#### Work order:
Give the listing again word for word. Skip the pictures.

#### Given information:
•••
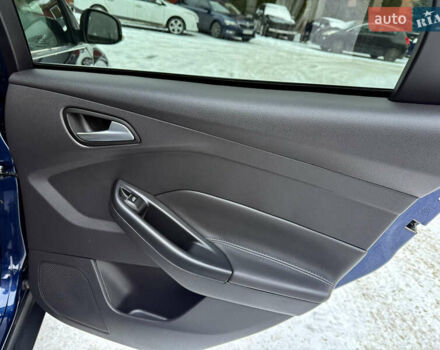 Синій Форд Фокус, об'ємом двигуна 1.6 л та пробігом 221 тис. км за 6999 $, фото 19 на Automoto.ua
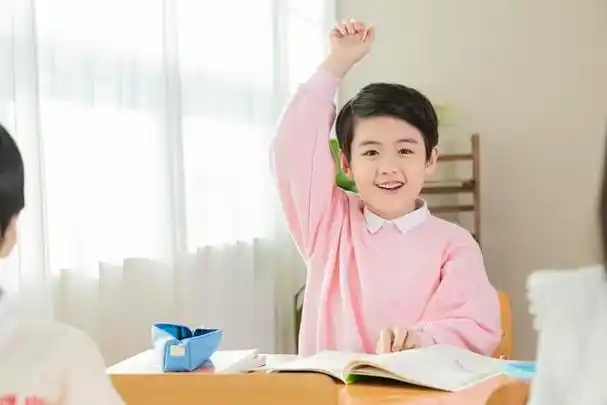 谁带大的孩子更聪明?研究表明:爸爸带大的孩子,20年后更有出息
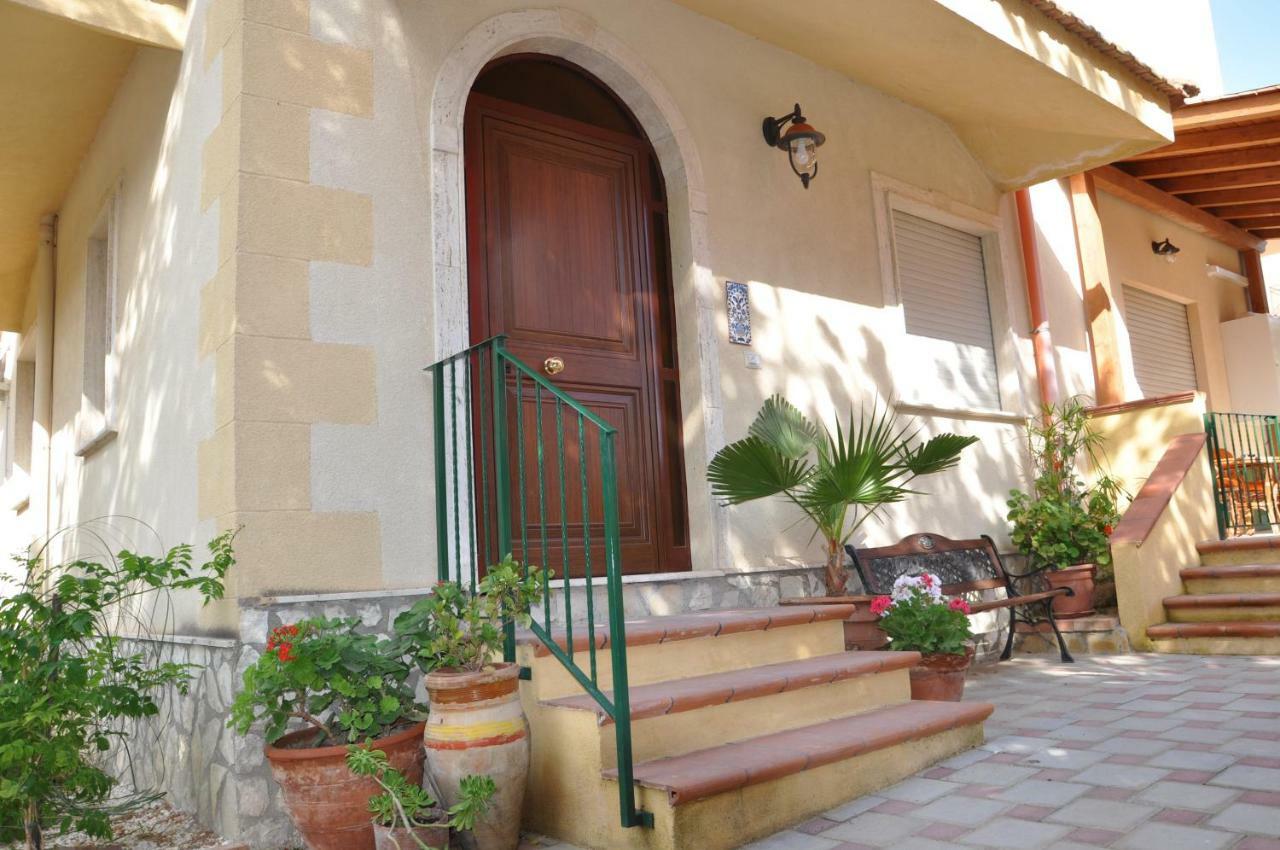 Villa Rahal Racalmuto Buitenkant foto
•••
#### Answer space:
 Синій Форд Фокус, об'ємом двигуна 1.6 л та пробігом 221 тис. км за 6999 $, фото 19 на Automoto.ua
 谁带大的孩子更聪明?研究表明:爸爸带大的孩子,20年后更有出息
 Villa Rahal Racalmuto Buitenkant foto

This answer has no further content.